» Try it
The listing that follows should be copied in full, exactly as written.

» Supplied records
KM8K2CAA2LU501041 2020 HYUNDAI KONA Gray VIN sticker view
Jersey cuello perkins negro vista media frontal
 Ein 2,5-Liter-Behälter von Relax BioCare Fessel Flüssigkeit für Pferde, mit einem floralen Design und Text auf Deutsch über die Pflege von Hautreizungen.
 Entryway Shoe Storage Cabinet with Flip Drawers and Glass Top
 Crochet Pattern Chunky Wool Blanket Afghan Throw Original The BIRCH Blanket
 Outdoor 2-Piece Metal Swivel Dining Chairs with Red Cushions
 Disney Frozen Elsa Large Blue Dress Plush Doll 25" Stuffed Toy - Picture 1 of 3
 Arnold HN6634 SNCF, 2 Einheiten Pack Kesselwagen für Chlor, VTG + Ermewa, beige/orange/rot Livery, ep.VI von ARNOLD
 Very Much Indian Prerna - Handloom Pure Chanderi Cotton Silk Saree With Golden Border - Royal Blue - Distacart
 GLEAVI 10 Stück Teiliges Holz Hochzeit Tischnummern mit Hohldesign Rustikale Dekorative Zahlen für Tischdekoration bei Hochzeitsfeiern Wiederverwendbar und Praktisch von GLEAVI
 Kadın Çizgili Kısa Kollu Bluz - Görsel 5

» Result below
KM8K2CAA2LU501041 2020 HYUNDAI KONA Gray VIN sticker view
Jersey cuello perkins negro vista media frontal
 Ein 2,5-Liter-Behälter von Relax BioCare Fessel Flüssigkeit für Pferde, mit einem floralen Design und Text auf Deutsch über die Pflege von Hautreizungen.
 Entryway Shoe Storage Cabinet with Flip Drawers and Glass Top
 Crochet Pattern Chunky Wool Blanket Afghan Throw Original The BIRCH Blanket
 Outdoor 2-Piece Metal Swivel Dining Chairs with Red Cushions
 Disney Frozen Elsa Large Blue Dress Plush Doll 25" Stuffed Toy - Picture 1 of 3
 Arnold HN6634 SNCF, 2 Einheiten Pack Kesselwagen für Chlor, VTG + Ermewa, beige/orange/rot Livery, ep.VI von ARNOLD
 Very Much Indian Prerna - Handloom Pure Chanderi Cotton Silk Saree With Golden Border - Royal Blue - Distacart
 GLEAVI 10 Stück Teiliges Holz Hochzeit Tischnummern mit Hohldesign Rustikale Dekorative Zahlen für Tischdekoration bei Hochzeitsfeiern Wiederverwendbar und Praktisch von GLEAVI
 Kadın Çizgili Kısa Kollu Bluz - Görsel 5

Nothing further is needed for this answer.